Nouveaux services sur l’Irlande
À l’inverse, le Brexit a suscité l’apparition de deux nouveaux services sur l’Irlande. Ceux-ci sont le fait d’armements qui n’opèrent ni sur le transmanche, ni sur la mer d’Irlande (dans le prolongement du pont terrestre qui traverse l’Angleterre depuis les ports de sa côte orientale), ni sur des liaisons entre l’Irlande et la France. CLdN a lancé en mai 2020 un nouveau service entre Zeebrugge et le port de Cork sur la côte sud de l’Irlande. Sa fréquence a été doublée en début d’année. En mai dernier, Grimaldi a démarré un service roulier depuis sa plaque tournante d’Anvers vers Cork au rythme de deux rotations par semaine avec un navire d’une capacité de 3 850 mètres linéaires. Le groupe italien a annoncé dès le départ son intention de renforcer à terme la capacité et la fréquence de ce service feeder, ce qui impliquerait un deuxième navire.
Essor du trafic non-accompagné
Malgré le Brexit et la pandémie, les volumes sont en nette hausse. Le trafic accompagné fait figure de moteur de cette croissance, souligne notamment Florent Maes le PDG de CLdN. Mario Vanlancker, sales manager chez Transfennica, fait état entre Anvers et Tilbury d’une hausse notable des volumes « third party » qui ne constituent qu’un appoint aux trafics de base pour la compagnie scandinave.
Kell Robdrup, qui dirige la division North Sea South de DFDS Ferry, ne peut que confirmer cette tendance: « La prévision d’un glissement de volumes vers les routes non-accompagnées s’est vérifiée. »
Il est désormais question selon lui d’une augmentation significative qui devrait encore se renforcer quand entreront en vigueur les nouvelles règles douanières entre l’UE et le Royaume-Uni en date du 1er janvier prochain. En outre, la situation du côté du transport routier accompagné va encore se compliquer du fait des mesures décidées par l’Europe en matière de mobilité. « Elles se traduiront par une flexibilité réduite pour le trafic accompagné et par un renchérissement des temps de conduite », estime-t-il. À ses yeux, la principale pierre d’achoppement à l’essor du trafic réside dans la capacité de traitement des terminaux dans les ports britanniques. « Beaucoup sont déjà à la limite de la congestion. Cela met aussi un frein au développement de nouveaux services. »
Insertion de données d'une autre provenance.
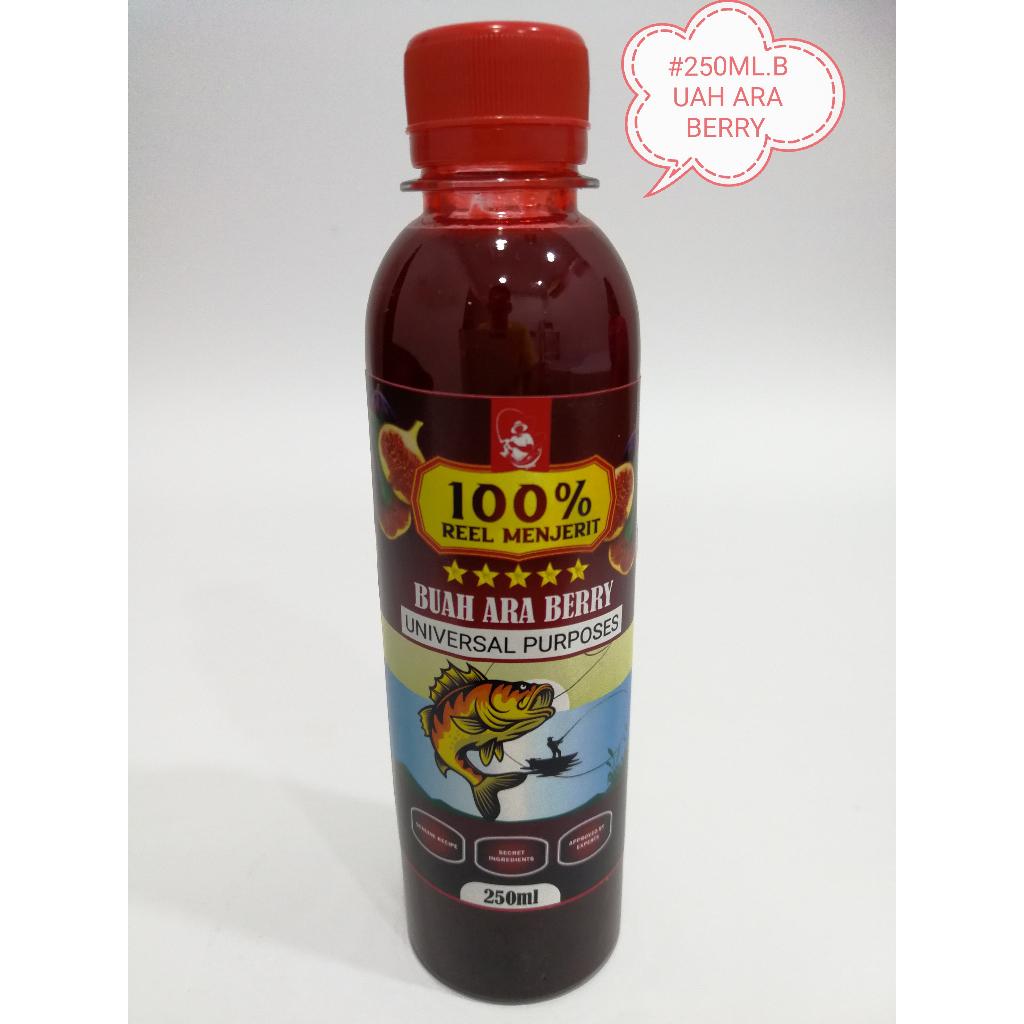 Reel Menjerit Buah Ara Berry Fishing Fish Pancing Memancing Ikan 250ml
Chez Stena Line, le porte-parole Simon Palmer se dit quant à lui convaincu que le pont terrestre via l’Angleterre n’a pas dit son dernier mot, surtout pour le trafic intracommunautaire entre l’Irlande et les autres pays de l’Union européenne. Un grand chargeur irlandais serait déjà repassé à cette route avec tous ses volumes après avoir constaté que les exigences à remplir en matière de documentation et de procédures pour le transit via le Royaume-Uni ne pose pas de grands problèmes.